*** SUPPLIED ENTRIES Section Begins ***
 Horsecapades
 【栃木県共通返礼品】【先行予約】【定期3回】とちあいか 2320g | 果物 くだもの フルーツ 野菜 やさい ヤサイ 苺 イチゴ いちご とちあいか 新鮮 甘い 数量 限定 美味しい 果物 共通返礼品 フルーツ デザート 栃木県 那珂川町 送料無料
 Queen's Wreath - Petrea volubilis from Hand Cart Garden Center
*** SUPPLIED ENTRIES Section Ends ***
*** SUPPLIED ENTRIES Section Begins ***
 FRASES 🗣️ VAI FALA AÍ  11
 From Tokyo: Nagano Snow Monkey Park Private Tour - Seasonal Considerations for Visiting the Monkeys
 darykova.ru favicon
*** SUPPLIED ENTRIES Section Ends ***
- **WHAT THIS TASK INVOLVES**:
Out of the data above, set down the lines from the one with "Horsecapades" to the one with "Queen's Wreath - Petrea", both included, exactly as written and with no additions.

- **WRITTEN RESPONSE**:
 Horsecapades
 【栃木県共通返礼品】【先行予約】【定期3回】とちあいか 2320g | 果物 くだもの フルーツ 野菜 やさい ヤサイ 苺 イチゴ いちご とちあいか 新鮮 甘い 数量 限定 美味しい 果物 共通返礼品 フルーツ デザート 栃木県 那珂川町 送料無料
 Queen's Wreath - Petrea volubilis from Hand Cart Garden Center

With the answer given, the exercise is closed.